L'amour après
« J'ai perdu la vue à Jérusalem. Ça n'a rien à voir avec Dieu, je n'y crois pas. Mais c'est arrivé là-bas, comme ça, d'un coup. Et je n'ai pu m'empêcher d'y chercher un sens ». Condamnée « au noir jusqu'à la fin de ses jours », Marceline Loridan-Ivens regarde en elle, se souvient et se livre. Avec son amie et complice d'écriture Judith Perrignon, elle ouvre sa « valise d'amour » - où, depuis 1946, à son retour des camps, Marceline range, cache, oublie des mots passionnés, des petits papiers tendres, des pensées pour un homme, des lettres douloureuses, des dessins... Une vie d'amour et de sentiments, tandis que le passé ne se laisse jamais enfouir. Peut-on aimer, désirer et jouir après les camps ? Ou reste-t-on à jamais la « fille de Birkenau » ?

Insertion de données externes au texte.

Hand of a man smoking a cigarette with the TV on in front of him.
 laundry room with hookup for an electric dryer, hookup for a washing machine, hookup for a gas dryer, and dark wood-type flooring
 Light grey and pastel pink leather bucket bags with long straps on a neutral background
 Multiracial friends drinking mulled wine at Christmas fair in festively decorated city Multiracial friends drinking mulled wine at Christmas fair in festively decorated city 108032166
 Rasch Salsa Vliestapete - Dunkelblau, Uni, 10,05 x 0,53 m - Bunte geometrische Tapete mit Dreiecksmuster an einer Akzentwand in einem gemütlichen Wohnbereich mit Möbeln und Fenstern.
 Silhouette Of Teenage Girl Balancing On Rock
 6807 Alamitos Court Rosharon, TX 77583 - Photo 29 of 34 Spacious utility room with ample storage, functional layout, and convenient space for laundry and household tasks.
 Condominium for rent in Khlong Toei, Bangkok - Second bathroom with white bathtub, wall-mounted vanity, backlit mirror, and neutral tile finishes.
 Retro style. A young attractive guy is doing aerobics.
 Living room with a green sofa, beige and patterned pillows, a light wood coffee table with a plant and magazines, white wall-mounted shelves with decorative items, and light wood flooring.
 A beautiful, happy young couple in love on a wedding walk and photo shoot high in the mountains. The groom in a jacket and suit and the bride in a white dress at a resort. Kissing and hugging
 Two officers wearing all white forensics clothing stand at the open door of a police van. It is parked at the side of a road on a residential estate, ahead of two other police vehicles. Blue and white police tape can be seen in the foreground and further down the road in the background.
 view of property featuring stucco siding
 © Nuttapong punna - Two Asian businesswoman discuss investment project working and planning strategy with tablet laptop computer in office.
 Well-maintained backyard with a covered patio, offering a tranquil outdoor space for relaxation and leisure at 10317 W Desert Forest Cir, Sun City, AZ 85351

Au fil des pages, merveilleusement libres, sensuelles et âpres, on plonge dans le Paris d'après-guerre, où les femmes se cherchent une liberté de corps et d'esprit. On découvre un mari, Francis, aimé puis delaissé aux anciennes colonies ; des amants joyeux, en colère, pleins d'espoir, tel Georges Pérec, dont le portrait trône chez Marceline ; des hommes de passage ; le plus cher et le plus tendre des amis, Jean-Pierre ; et bien sûr le grand documentariste Joris Ivens, qui partagea trente ans de sa vie, rue des Saints-Pères.